Obesity is a growing public health problem with an impact on cardiovascular disease. But current methods for the detection of myocardial ischemia remain limited in obese patients and stress cardiac magnetic resonance (CMR) may be a powerful alternative. To determine feasibility and prognostic value of vasodilator stress perfusion CMR in morbid obese patients with body mass index (BMI) ≥ 40 kg/m 2 . Consecutive patients with a BMI > 40 kg/m 2 and without known coronary artery disease (CAD) referred for vasodilating stress CMR were followed for major adverse cardiovascular events MACE, defined as cardiac death, non-fatal myocardial infarction of stroke.

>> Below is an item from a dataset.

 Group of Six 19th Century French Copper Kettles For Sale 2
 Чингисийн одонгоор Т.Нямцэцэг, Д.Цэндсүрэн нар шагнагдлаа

Univariable and multivariable Cox regressions for MACE were performed to determine the prognostic association of inductible ischemia or late gadolinium enhancement (LGE) by CMR. Of 452 obese patients (mean BMI 43.9 ± 3.8 kg/m 2 , 44% of men), 444 (98%) completed the CMR protocol and among those, 404 (91%) completed the follow-up (mean 5.6 ± 2.2 years). Patients without inductible ischemia or LGE experienced a susbtantially lower annual rate of MACE (3.3% vs. 12.4% for those with ischemia and vs. 11,2% for those with ischemia and LGE). In a multivariable stepwise Cox regression including clinical characteristics and CMR indexes, the absence of inducible ischemia was an independent predictor of a lower incidence of MACE at follow-up (Hazard ratio 0.20, 95% confidence interval: 0.11 to 0.36; P < 0.001) ( Fig. 1 ) and cardiac death (hazard ratio 0.11 95% confidence interval: 0.02 to 0.63). Using Kaplan-Meier analyses, myocardial ischemia identified future CV events/survival ( P < 0.001). Stress CMR is feasible and has a high prognostic value in morbid obese patients, with a very low negative event rate in patients without ischemia or infarction as opposed to patients with inducible ischemia and/or presence of myocardial infarct. Kaplan-Meier curves ( Fig. 1 ).